INSTRUCTIONS TO FOLLOW —
The required answer is the run of lines from the one holding "Puebla, entre los" to the end of the data below, copied exactly and free of pictures.

RECORDED INFORMATION —
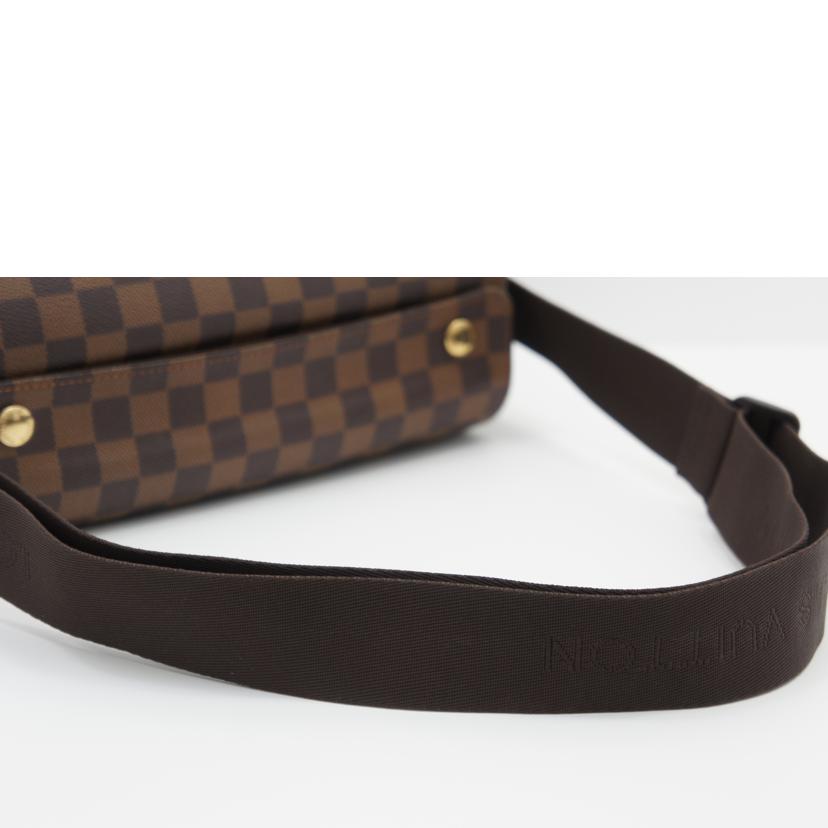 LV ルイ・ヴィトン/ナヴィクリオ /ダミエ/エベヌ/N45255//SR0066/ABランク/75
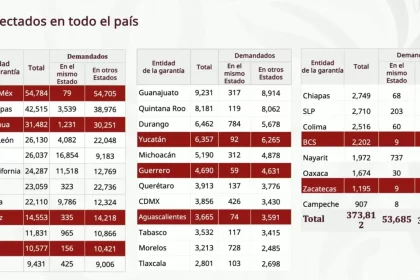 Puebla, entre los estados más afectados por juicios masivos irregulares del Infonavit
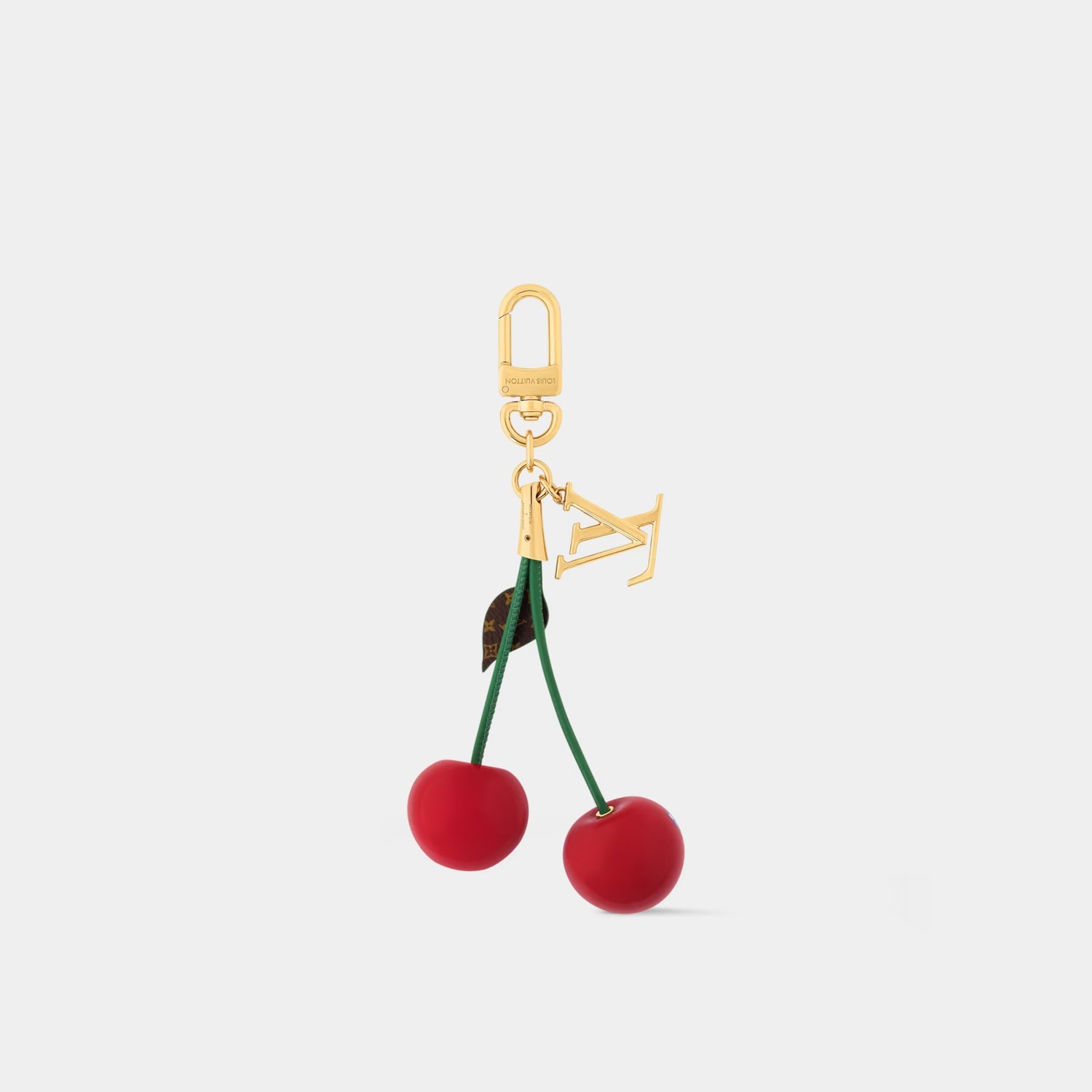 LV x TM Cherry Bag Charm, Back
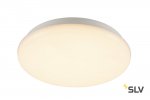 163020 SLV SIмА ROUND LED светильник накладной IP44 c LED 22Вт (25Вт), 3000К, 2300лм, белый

RESULT FOR THIS TASK —
 Puebla, entre los estados más afectados por juicios masivos irregulares del Infonavit
 LV x TM Cherry Bag Charm, Back
 163020 SLV SIмА ROUND LED светильник накладной IP44 c LED 22Вт (25Вт), 3000К, 2300лм, белый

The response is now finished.